§ Exercise
Nothing but an exact copy is asked for: the lines in the material below from the one with "レディース新品A495■Mサ" through the one with "Advert for Bampton Garden Centre", pictures excluded.

Data listing: Begin

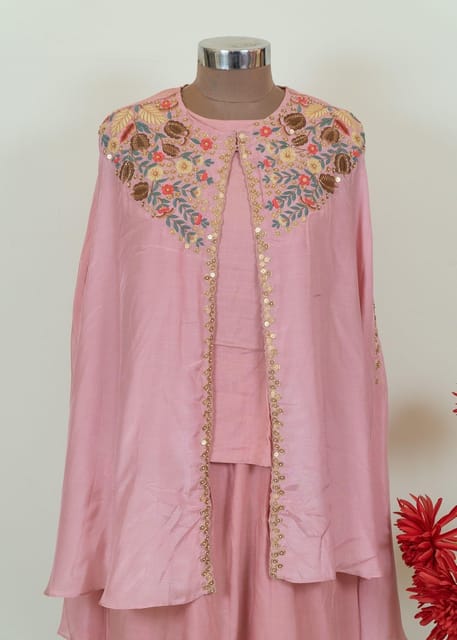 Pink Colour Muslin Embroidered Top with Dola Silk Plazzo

Data listing: End
Data listing: Begin

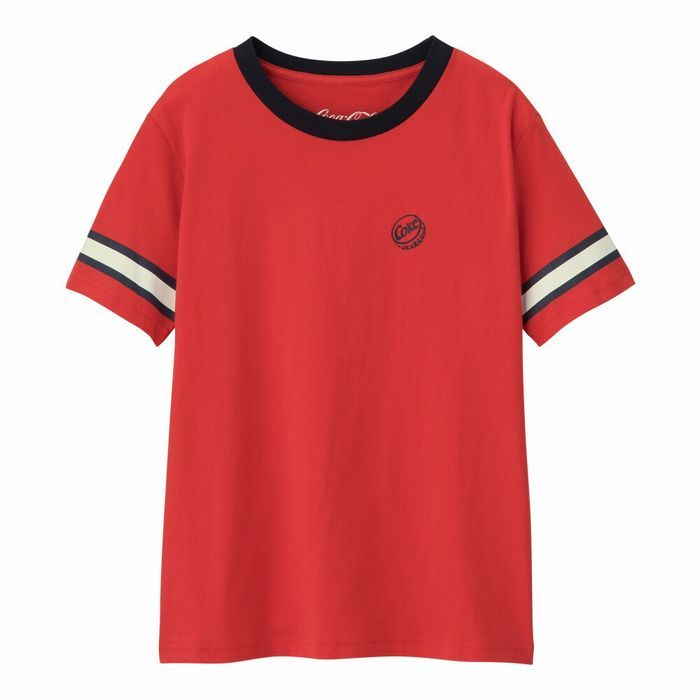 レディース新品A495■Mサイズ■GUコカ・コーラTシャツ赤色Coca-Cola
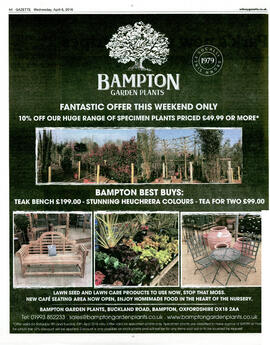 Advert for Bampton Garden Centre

Data listing: End

§ Answer to the exercise
 レディース新品A495■Mサイズ■GUコカ・コーラTシャツ赤色Coca-Cola
 Advert for Bampton Garden Centre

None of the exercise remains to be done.